What you should do
Omit every picture while repeating the entries exactly.

Supplied records START

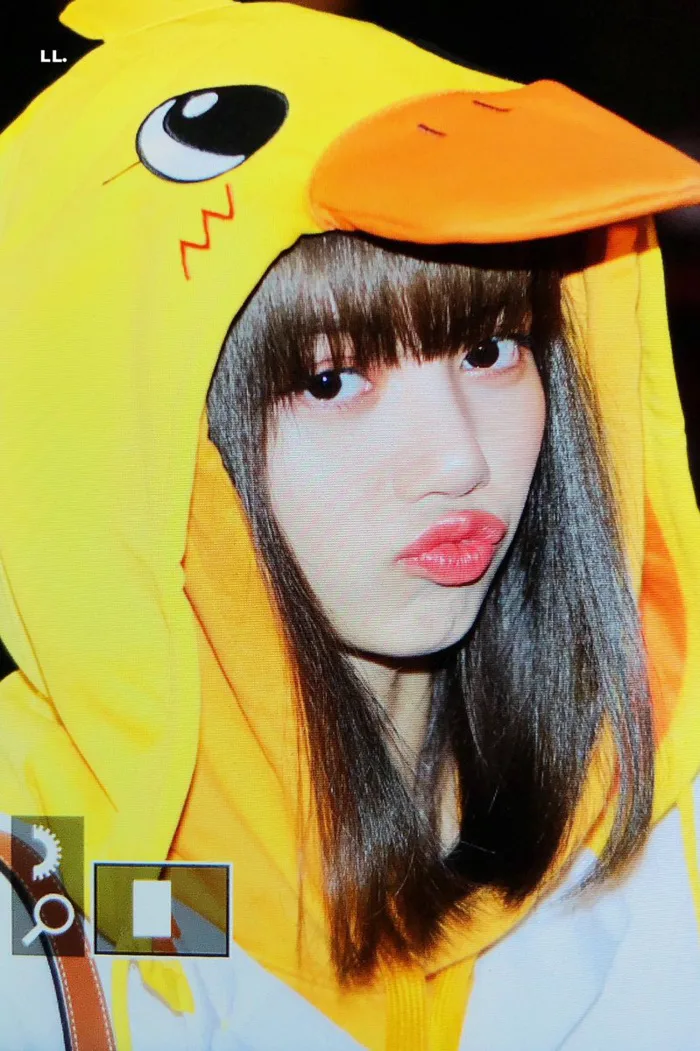 Jisoo và Lisa chiếm trọn spotlight sân bay với màn cosplay thỏ - vịt 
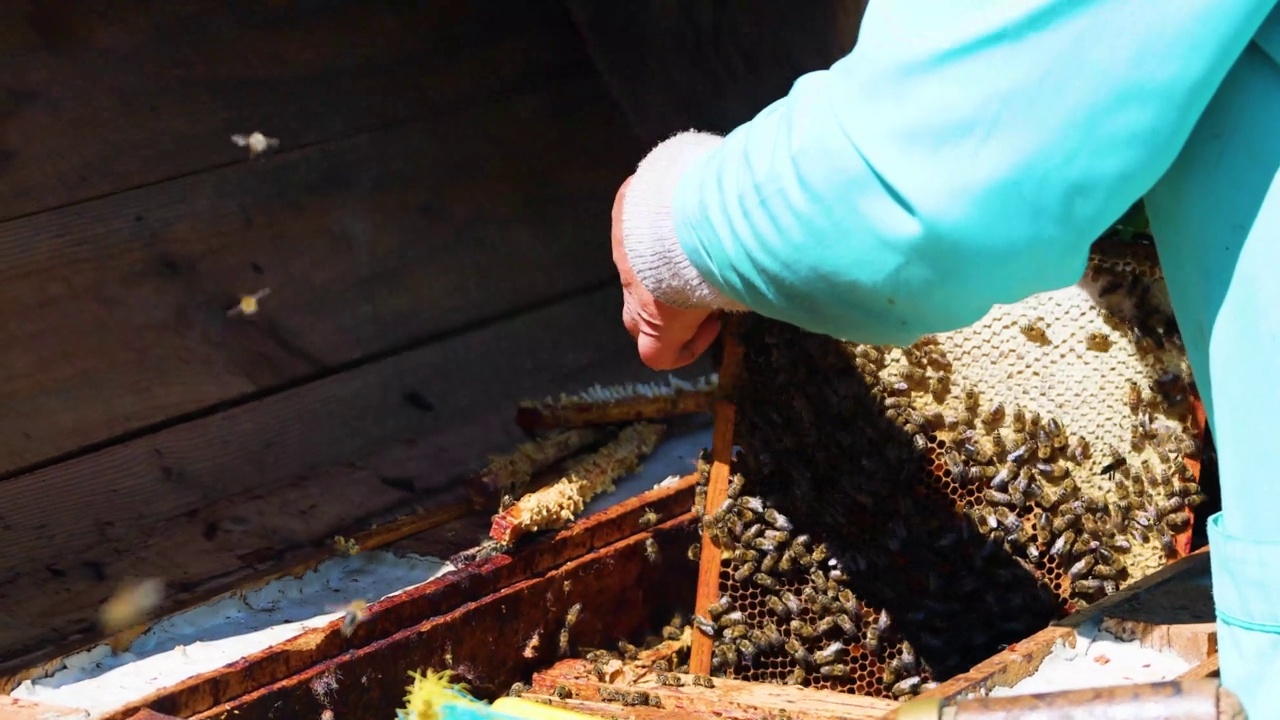 养蜂人从蜂箱中取出蜂房来抽蜜。蜂疗视频素材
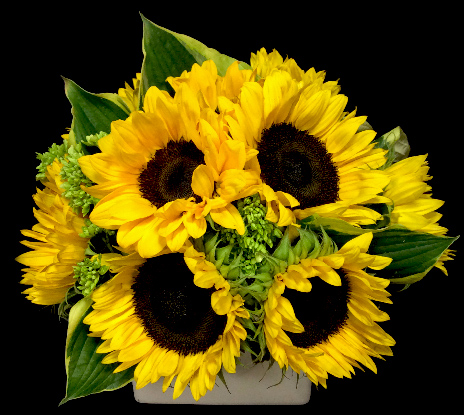 SUNFLOWER CHIC SUNFLOWER CHIC
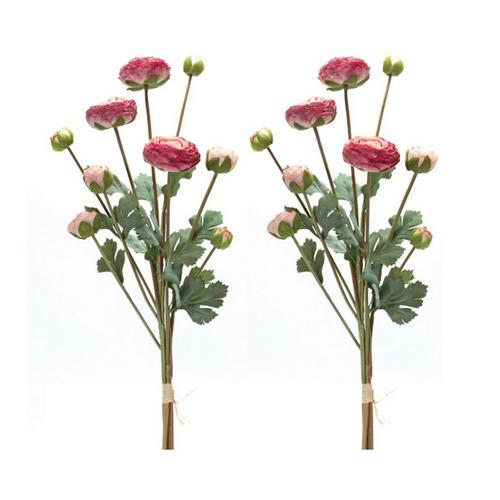 Melrose International Ranunculus Bundle (Set of 2) - Primary Image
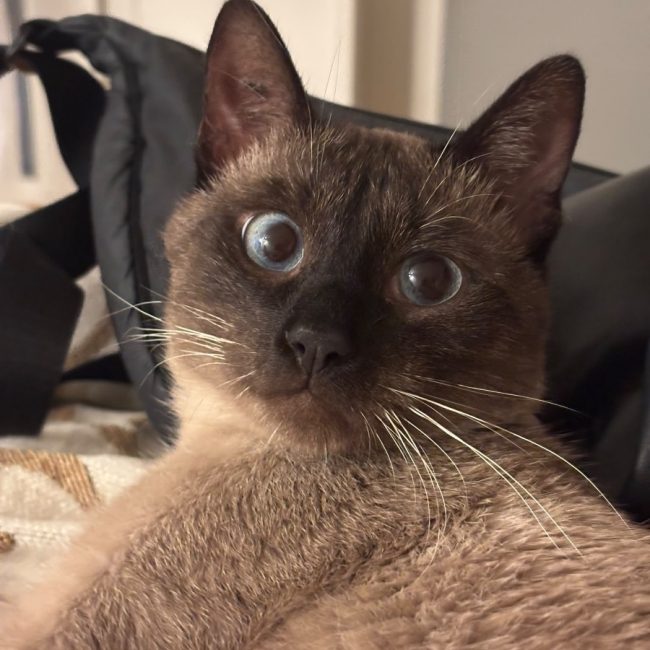 BALI - Chat Siamois à adopter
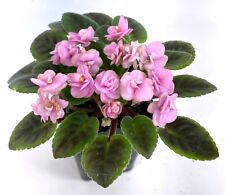 African Violet Orchard Bumble Magnet (SM)--TWO LEAVES picture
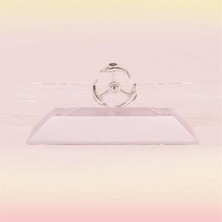 Pazarcan Buffer® Dekoratif Masa Üstü Obje Manyetik Kinetik Orbital Dönen Yunuslar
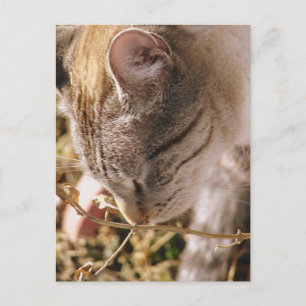 Cartão Postal Parem e cheirarem as flores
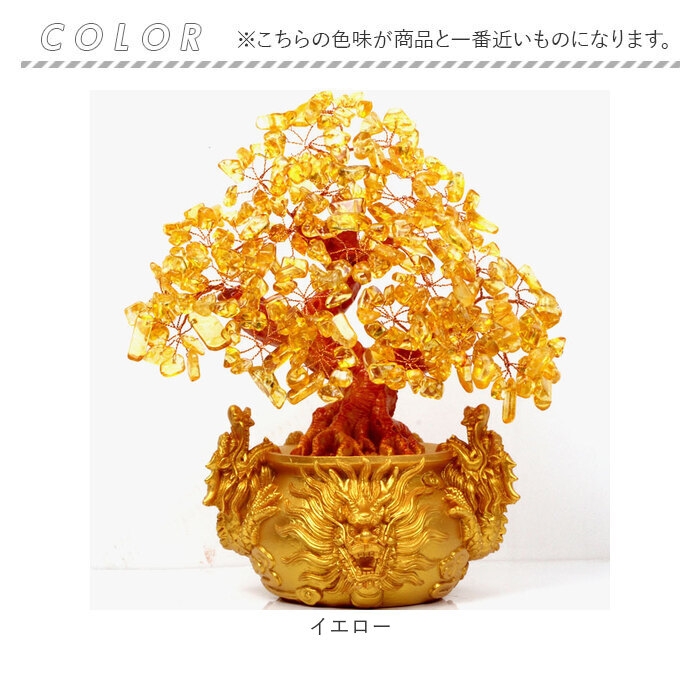 sotree_8.jpg?size=n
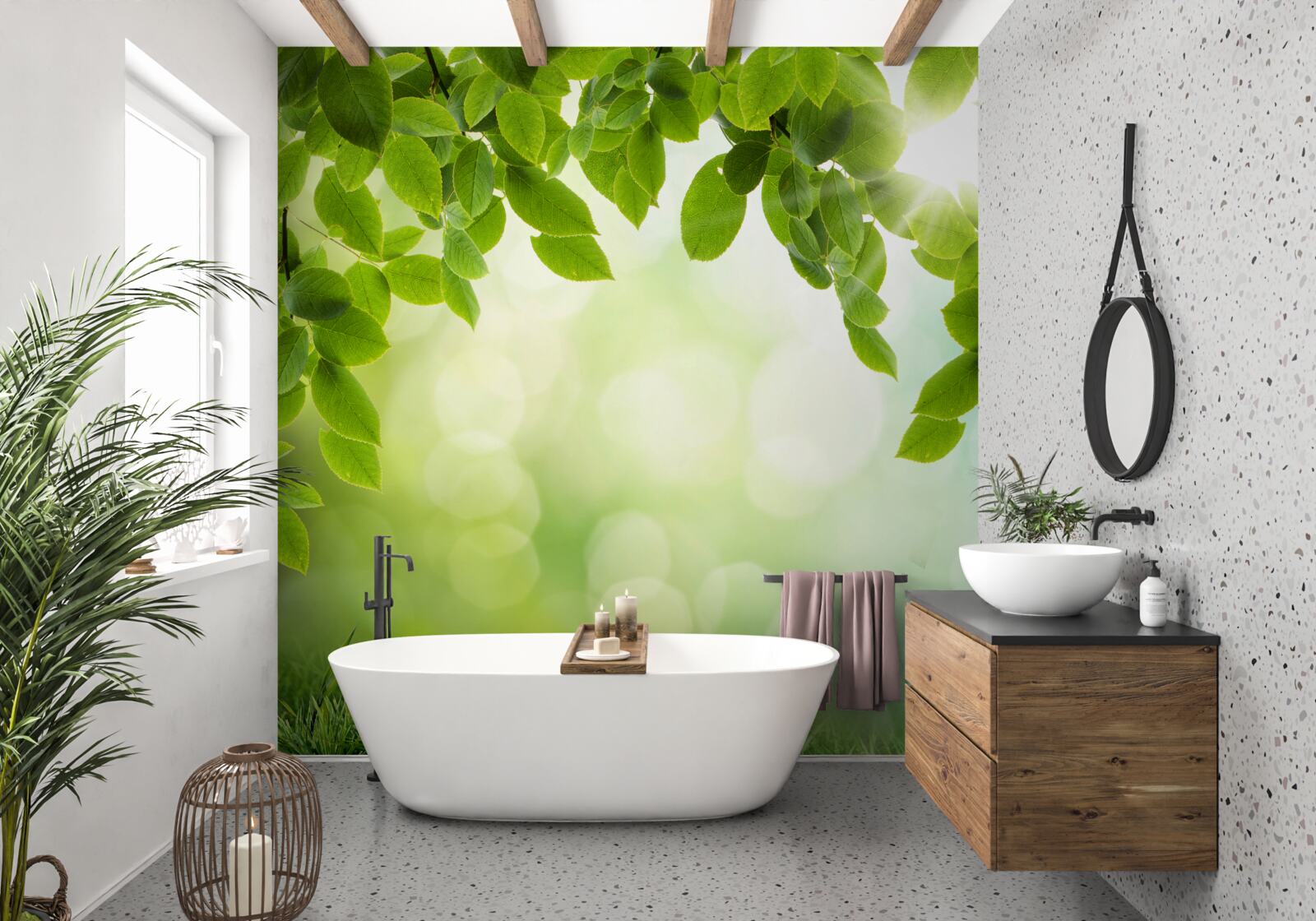 Фотошпалери сонце в його яскравості та листя, прикрашене зеленими краплями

Supplied records END

Answer section
 Jisoo và Lisa chiếm trọn spotlight sân bay với màn cosplay thỏ - vịt 
 养蜂人从蜂箱中取出蜂房来抽蜜。蜂疗视频素材
 SUNFLOWER CHIC SUNFLOWER CHIC
 Melrose International Ranunculus Bundle (Set of 2) - Primary Image
 BALI - Chat Siamois à adopter
 African Violet Orchard Bumble Magnet (SM)--TWO LEAVES picture
 Pazarcan Buffer® Dekoratif Masa Üstü Obje Manyetik Kinetik Orbital Dönen Yunuslar
 Cartão Postal Parem e cheirarem as flores
 sotree_8.jpg?size=n
 Фотошпалери сонце в його яскравості та листя, прикрашене зеленими краплями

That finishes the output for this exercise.